Signed by President Franklin Roosevelt during the Great Depression, the Davis-Bacon Act requires contractors hired by the federal government for public works and building projects to pay certain classes of laborers and mechanics at prevailing wage rates. The Department of Labor calculates the rates by county, based on data it collects on similar projects in the area.
Conservatives in Trump’s own Republican Party would be delighted if the president announced plans to repeal or replace the law. They say it artificially drives up costs for taxpayers and gives a competitive advantage to unions.
Unions are anxious to protect Davis-Bacon, and ensure its wage protections are enshrined in Trump’s promised trillion-dollar infrastructure plan. Any move by the president that threatens the law could jeopardize their support for a Trump infrastructure bill, and thwart its prospects for winning votes from congressional Democrats, the unions’ traditional allies.
Senate Minority Leader Chuck Schumer has said labor protections — such as Davis-Bacon’s wage guarantees — are essential for Democratic support of any infrastructure package in the Senate.
In the House of Representatives, Democrats successfully have blocked Republican amendments to deny Davis-Bacon protections several times in the recent years. Most recently, in July 2016, an amendment by conservative Iowa Rep. Steve King to repeal Davis-Bacon failed 188-238, including 54 no votes from Republicans.
If Trump leaves the law alone, the unions could play a key role in helping the White House build a bipartisan coalition to pass infrastructure legislation.
Some union officials had hoped Trump would clarify where he stood in a speech he delivered last week before thousands of members of North America’s Building Trades Unions in Washington, D.C.
He did not.
“I thought it was painfully obvious that the president did not mention Davis-Bacon or prevailing wage during his speech,” said Terry Akins, business manager at IBEW Local 124 in Kansas City.
“For me,” Akins said, “that was ominous.”
Marion Davis, who represents the teamsters’ construction division, said he had been listening for Trump to pledge he would uphold prevailing wages and the Davis-Bacon Act.
“Everybody in there would have loved to hear that,” Davis said.
The next day, Trump only exacerbated the unions’ unease when he told The New York Times that he would make an announcement about the law in two weeks’ time. He did not give any details.
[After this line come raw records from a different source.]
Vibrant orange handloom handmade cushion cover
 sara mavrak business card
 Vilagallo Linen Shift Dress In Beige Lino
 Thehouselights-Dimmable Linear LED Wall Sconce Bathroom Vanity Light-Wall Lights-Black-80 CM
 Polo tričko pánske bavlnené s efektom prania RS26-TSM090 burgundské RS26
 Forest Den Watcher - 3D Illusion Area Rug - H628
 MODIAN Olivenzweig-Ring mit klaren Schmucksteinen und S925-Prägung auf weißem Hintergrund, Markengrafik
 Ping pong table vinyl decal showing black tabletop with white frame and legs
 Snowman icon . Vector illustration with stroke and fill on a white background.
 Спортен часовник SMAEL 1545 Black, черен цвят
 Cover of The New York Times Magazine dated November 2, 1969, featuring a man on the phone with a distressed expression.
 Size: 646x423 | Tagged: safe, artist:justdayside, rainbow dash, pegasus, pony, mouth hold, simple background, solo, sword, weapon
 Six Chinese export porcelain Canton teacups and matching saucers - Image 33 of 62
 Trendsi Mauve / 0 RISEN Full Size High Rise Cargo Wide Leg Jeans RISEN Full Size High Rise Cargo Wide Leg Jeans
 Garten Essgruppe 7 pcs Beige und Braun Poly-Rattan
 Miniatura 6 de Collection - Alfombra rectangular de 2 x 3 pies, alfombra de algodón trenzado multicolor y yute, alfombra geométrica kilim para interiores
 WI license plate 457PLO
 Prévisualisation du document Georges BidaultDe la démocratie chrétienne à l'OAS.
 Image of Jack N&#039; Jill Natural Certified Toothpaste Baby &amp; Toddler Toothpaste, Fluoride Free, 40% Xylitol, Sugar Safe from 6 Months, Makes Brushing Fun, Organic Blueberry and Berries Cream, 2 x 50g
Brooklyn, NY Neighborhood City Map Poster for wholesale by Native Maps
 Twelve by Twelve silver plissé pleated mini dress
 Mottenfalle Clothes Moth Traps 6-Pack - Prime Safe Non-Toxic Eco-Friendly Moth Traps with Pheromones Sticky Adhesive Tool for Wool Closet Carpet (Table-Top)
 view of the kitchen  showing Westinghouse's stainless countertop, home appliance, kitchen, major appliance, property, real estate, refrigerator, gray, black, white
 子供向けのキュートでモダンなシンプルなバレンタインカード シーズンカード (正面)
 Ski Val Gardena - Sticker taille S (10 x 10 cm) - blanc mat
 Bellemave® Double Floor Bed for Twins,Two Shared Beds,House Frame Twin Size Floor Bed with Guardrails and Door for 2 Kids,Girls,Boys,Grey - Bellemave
“It’s going to be good,” he promised.
North America’s Building Trades Unions, the umbrella organization for construction workers that hosted Trump’s speech, has made it clear that they don’t want to see Davis-Bacon revised or eliminated, said spokesman Tom Owens.
Many rank-and-file members of the building trades supported Trump in November, although unions’ leaders endorsed his Democratic rival Hillary Clinton. The group’s leadership — including McGarvey — first met with Trump at the White House three days after his inauguration. They raised Davis-Bacon in that meeting, but the president was noncommittal.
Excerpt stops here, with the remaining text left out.